- WHAT YOU HAVE TO DO
Each line below that includes "digital" counts once; report the total and nothing more.

Start of DATA TO PROCESS

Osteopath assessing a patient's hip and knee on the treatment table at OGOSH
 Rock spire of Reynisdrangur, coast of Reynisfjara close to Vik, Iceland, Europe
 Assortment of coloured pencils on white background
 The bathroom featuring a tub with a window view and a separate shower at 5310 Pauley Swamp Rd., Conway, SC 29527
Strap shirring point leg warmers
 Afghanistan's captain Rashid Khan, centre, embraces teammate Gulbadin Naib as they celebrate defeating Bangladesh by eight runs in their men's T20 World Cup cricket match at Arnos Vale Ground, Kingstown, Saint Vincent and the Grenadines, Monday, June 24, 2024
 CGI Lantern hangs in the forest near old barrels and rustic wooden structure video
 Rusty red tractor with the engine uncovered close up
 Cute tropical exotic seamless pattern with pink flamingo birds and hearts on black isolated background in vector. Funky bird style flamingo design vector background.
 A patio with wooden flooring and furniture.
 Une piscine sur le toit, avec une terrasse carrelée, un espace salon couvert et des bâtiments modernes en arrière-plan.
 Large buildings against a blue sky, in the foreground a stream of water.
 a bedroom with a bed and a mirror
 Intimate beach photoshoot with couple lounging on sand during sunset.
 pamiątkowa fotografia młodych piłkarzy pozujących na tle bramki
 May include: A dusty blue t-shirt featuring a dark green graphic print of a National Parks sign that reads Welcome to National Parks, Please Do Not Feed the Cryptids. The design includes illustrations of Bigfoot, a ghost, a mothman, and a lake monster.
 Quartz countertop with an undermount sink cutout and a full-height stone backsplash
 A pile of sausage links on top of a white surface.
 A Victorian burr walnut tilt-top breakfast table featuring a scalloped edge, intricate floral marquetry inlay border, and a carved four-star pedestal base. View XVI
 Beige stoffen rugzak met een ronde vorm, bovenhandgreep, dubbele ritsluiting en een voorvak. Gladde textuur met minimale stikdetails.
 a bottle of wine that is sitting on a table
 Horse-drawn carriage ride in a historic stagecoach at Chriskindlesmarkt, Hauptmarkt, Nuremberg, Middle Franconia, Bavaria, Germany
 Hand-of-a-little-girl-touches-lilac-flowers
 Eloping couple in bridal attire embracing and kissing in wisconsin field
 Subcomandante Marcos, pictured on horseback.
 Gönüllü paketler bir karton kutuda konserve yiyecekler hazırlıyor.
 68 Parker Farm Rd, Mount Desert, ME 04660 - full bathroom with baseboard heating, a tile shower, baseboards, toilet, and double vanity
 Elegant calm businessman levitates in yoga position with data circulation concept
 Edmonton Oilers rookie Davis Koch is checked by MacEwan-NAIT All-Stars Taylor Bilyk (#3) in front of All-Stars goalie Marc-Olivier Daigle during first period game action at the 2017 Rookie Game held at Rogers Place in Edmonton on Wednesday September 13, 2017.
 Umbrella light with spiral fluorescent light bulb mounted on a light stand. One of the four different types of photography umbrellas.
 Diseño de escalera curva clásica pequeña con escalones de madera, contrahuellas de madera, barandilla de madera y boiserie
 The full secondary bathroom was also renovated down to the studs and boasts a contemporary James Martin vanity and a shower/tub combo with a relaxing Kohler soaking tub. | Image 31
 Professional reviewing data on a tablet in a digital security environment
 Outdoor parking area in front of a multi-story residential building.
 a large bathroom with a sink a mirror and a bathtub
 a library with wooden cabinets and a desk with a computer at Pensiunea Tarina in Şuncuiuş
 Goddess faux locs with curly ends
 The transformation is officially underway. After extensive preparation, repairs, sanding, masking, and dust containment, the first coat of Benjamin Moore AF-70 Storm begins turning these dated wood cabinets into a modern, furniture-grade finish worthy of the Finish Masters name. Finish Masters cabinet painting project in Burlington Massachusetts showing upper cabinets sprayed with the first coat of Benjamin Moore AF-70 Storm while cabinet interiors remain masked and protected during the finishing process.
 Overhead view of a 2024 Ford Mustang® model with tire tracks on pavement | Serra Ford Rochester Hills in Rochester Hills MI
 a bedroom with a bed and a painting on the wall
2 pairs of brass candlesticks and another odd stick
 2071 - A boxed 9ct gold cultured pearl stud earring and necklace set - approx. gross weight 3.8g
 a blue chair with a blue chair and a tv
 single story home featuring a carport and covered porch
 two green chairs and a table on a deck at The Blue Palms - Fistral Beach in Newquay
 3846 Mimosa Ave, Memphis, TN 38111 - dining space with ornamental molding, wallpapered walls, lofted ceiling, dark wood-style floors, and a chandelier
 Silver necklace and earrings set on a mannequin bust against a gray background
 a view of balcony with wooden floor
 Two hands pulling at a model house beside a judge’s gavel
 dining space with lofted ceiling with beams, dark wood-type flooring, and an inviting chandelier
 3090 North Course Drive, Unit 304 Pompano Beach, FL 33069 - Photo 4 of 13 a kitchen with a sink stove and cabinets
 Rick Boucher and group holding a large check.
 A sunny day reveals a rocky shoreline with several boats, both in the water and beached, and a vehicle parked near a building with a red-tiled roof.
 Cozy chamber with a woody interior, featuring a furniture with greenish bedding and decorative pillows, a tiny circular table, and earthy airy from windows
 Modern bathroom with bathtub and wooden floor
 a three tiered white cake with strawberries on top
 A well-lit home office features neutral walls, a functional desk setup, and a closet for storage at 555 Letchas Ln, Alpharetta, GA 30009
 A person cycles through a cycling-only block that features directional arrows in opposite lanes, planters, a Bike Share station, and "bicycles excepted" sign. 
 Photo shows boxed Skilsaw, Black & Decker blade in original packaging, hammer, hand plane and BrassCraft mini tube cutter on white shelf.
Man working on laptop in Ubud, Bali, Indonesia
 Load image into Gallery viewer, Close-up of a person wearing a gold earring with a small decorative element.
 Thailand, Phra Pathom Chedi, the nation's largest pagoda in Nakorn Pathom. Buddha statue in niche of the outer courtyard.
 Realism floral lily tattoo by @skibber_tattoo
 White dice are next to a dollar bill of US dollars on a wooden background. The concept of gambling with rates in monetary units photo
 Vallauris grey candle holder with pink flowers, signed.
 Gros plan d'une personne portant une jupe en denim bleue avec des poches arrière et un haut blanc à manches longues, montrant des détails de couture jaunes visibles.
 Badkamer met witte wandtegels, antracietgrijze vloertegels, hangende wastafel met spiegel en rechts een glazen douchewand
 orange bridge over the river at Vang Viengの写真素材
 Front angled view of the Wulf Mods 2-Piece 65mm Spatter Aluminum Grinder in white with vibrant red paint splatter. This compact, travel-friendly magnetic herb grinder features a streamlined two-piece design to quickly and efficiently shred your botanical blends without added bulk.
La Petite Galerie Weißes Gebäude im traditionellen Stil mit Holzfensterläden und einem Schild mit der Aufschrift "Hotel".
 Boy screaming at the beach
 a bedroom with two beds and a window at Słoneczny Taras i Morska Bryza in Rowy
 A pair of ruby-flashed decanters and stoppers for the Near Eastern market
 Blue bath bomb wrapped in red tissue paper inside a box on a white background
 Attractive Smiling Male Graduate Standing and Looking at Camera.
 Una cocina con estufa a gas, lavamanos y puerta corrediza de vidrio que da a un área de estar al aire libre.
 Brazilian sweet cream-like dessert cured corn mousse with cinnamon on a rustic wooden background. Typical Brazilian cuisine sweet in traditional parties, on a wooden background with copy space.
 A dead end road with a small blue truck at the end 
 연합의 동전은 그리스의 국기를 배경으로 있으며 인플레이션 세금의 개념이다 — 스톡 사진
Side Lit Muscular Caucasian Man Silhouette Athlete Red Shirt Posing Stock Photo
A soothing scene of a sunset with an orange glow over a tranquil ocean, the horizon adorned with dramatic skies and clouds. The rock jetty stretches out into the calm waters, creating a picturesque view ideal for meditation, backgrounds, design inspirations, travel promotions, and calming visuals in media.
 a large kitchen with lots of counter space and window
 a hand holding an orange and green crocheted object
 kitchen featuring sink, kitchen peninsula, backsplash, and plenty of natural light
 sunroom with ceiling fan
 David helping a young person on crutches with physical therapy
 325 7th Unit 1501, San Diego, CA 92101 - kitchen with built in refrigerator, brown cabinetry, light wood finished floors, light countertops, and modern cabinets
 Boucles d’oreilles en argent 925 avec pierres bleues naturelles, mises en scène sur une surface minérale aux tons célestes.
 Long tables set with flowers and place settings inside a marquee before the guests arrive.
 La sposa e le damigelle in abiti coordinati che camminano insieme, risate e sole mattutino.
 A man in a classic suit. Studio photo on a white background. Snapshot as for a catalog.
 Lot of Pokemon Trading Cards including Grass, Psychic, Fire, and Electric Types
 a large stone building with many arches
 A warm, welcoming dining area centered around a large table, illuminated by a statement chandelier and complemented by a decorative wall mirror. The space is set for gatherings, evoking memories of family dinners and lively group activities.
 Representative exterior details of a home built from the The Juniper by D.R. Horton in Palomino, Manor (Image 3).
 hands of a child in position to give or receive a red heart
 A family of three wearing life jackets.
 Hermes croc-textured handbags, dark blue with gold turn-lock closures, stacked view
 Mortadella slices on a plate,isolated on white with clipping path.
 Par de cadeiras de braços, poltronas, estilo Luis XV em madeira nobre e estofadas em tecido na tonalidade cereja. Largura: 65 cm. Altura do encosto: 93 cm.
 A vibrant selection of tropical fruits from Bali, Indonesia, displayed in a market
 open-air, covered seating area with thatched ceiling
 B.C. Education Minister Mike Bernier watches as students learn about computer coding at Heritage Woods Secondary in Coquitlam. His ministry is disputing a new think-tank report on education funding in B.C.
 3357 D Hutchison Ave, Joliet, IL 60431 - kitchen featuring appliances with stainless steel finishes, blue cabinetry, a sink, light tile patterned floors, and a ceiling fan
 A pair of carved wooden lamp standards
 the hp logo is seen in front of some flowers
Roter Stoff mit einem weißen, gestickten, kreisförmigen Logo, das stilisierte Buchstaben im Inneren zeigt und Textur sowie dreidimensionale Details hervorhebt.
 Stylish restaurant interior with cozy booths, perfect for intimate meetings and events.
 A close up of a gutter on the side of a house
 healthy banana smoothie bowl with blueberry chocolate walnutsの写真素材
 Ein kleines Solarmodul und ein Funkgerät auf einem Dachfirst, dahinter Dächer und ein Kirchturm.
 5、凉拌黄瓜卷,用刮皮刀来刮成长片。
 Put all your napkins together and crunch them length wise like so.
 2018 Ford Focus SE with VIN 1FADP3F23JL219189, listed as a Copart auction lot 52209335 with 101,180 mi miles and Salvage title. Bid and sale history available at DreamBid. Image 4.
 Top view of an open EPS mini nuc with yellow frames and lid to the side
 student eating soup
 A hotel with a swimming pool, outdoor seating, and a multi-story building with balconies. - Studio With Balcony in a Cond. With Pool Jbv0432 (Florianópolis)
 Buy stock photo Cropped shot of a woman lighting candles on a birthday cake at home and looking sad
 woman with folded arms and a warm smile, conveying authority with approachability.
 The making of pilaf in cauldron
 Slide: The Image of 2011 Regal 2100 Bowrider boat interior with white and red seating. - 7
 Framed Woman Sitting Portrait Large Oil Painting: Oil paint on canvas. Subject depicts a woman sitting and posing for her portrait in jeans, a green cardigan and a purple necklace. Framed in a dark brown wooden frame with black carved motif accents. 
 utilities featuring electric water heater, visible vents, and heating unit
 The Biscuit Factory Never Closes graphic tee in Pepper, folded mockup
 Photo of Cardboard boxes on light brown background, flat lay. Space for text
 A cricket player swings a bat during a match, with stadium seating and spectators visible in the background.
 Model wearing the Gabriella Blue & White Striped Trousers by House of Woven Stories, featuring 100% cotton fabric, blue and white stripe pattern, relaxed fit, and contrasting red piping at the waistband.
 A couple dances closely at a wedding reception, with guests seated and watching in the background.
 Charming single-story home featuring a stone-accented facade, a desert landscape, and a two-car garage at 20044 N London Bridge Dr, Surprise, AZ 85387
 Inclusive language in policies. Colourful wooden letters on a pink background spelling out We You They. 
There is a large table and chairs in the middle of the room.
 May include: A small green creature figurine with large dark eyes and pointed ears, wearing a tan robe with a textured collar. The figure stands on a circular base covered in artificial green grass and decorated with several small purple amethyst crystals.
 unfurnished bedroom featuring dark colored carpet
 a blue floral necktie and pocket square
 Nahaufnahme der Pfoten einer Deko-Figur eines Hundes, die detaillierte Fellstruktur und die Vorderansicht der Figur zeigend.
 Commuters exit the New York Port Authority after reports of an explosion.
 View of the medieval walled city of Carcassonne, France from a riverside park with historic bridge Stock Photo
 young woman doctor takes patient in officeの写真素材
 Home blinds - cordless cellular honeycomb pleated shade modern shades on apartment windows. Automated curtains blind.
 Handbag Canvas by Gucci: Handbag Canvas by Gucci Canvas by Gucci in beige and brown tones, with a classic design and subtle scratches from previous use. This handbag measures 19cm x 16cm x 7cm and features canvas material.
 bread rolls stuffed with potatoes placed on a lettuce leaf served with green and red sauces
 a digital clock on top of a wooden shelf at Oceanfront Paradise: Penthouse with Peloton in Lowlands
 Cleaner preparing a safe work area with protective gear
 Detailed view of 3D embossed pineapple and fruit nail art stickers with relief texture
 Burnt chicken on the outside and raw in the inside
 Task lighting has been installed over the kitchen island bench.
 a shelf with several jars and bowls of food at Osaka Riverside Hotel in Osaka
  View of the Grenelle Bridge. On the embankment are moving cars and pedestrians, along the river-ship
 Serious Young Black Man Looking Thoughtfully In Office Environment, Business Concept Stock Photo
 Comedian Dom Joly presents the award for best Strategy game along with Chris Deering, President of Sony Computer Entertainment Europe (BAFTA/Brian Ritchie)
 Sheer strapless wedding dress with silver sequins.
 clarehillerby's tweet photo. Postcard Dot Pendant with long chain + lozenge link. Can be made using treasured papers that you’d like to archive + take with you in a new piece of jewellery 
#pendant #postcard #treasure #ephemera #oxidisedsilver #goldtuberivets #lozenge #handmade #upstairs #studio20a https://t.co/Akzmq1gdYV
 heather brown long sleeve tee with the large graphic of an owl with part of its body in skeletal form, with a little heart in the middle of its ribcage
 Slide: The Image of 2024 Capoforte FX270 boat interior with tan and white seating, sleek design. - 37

End of DATA TO PROCESS

- EXPECTED ANSWER
2